In the following Examples, the molecular weight of the polymer is measured by gel-permeation chromatograph (GPC), and the specific measurement method is as follows: the molecular weight (MO of the polymer and the distribution thereof (PDI=M_w/M_n) are measured by Waters 2414 gel-permeation chromatograph system equipped with Waters 2414 interference refraction detector (mobile phase: 0.2M acetic acid/0.1M sodium acetate, flow rate: 0.6 mL/min, temperature: 35° C., standards: polyethylene glycol).

Example 1

100 grams of arginine was added to a 500 mL round bottom flask, and a water separator was connected.

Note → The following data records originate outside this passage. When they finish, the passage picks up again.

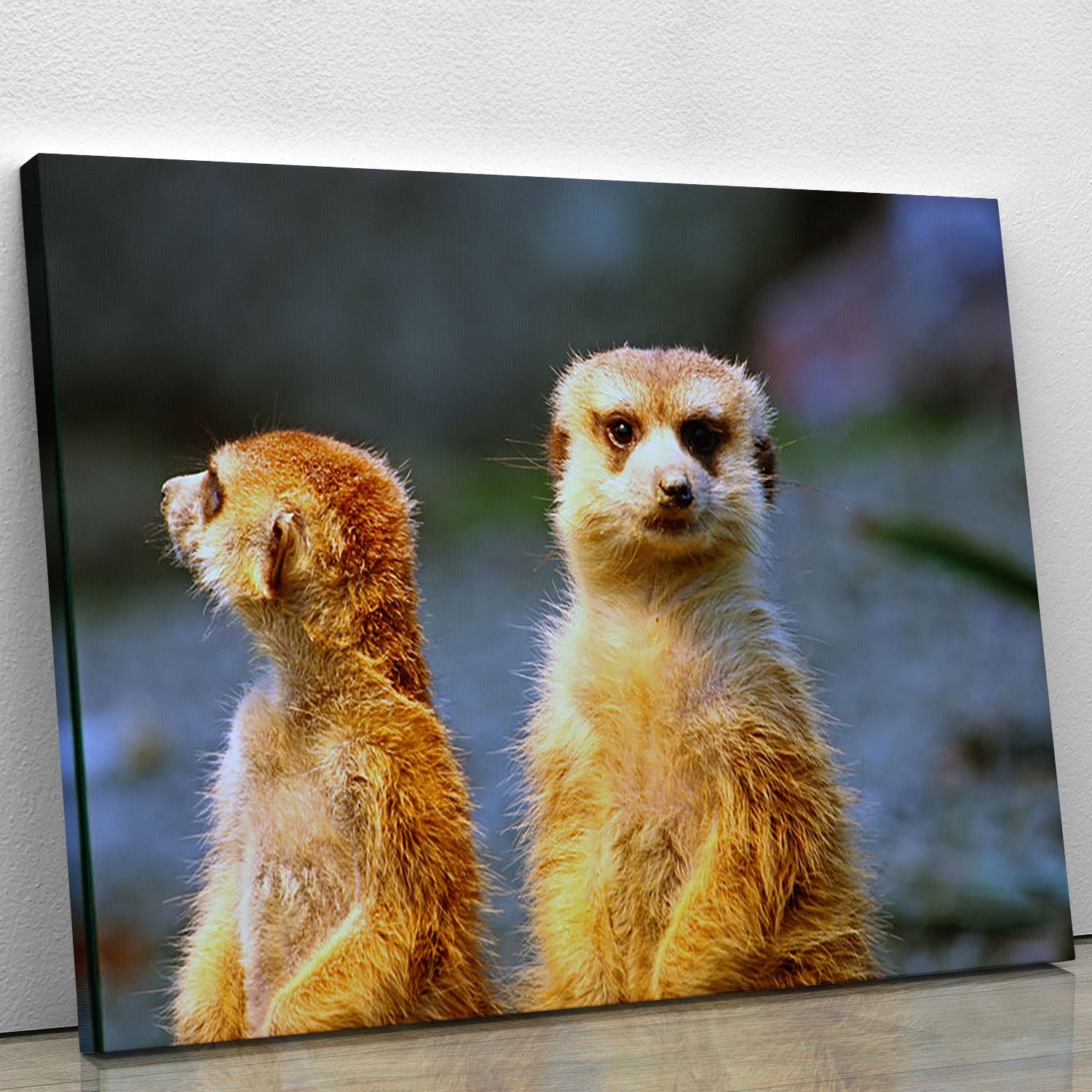 Two meerkats watching over their family in zoo Canvas Print or Poster - Canvas Art Rocks - 1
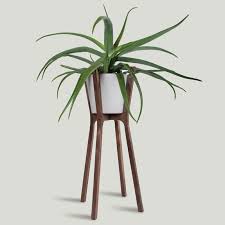The green leaves provide relaxing and fresh ambience throughout the room. These 13 Modern Plant Stands Put Your Favorite Plants On Display
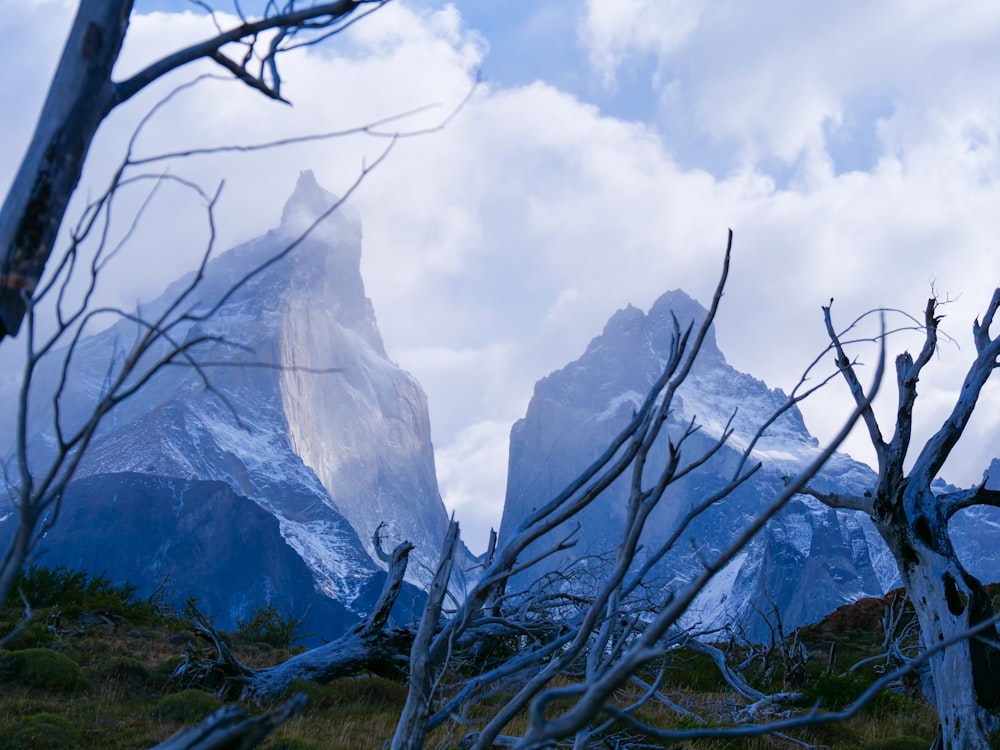 a group of trees that are standing in the grass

The nitrogen purge was conducted for three times (each for more than 10 minutes) so as to finally maintain nitrogen atmosphere. The reaction was conducted at 180° C. under stirring and heating for 4 hours. After the stop of heating, the reaction system was cooled to room temperature. The polymer was dissolved with methanol and precipitated in diethyl ether, to give 82.7 grams of hyperbranched polyarginine as light yellow solid powder. GPC characterization: M_n=2200 g/mol, PDI=1.91.

Example 2

91.32 grams of lysine hydrochloride and 28.05 grams of KOH were added to a 500 mL round bottom flask, and a water separator was connected. The nitrogen purge was conducted for three times (each for more than 10 minutes) so as to finally maintain nitrogen atmosphere. The reaction was conducted at 250° C. under stirring and heating for 1 minute. After the stop of heating, the polymer was dissolved with methanol and filtered to remove salts, concentrated, then precipitated in diethyl ether, to give 84 grams of hyperbranched polylysine as light yellow solid powder. GPC characterization: M_n=1100 g/mol, PDI=1.81.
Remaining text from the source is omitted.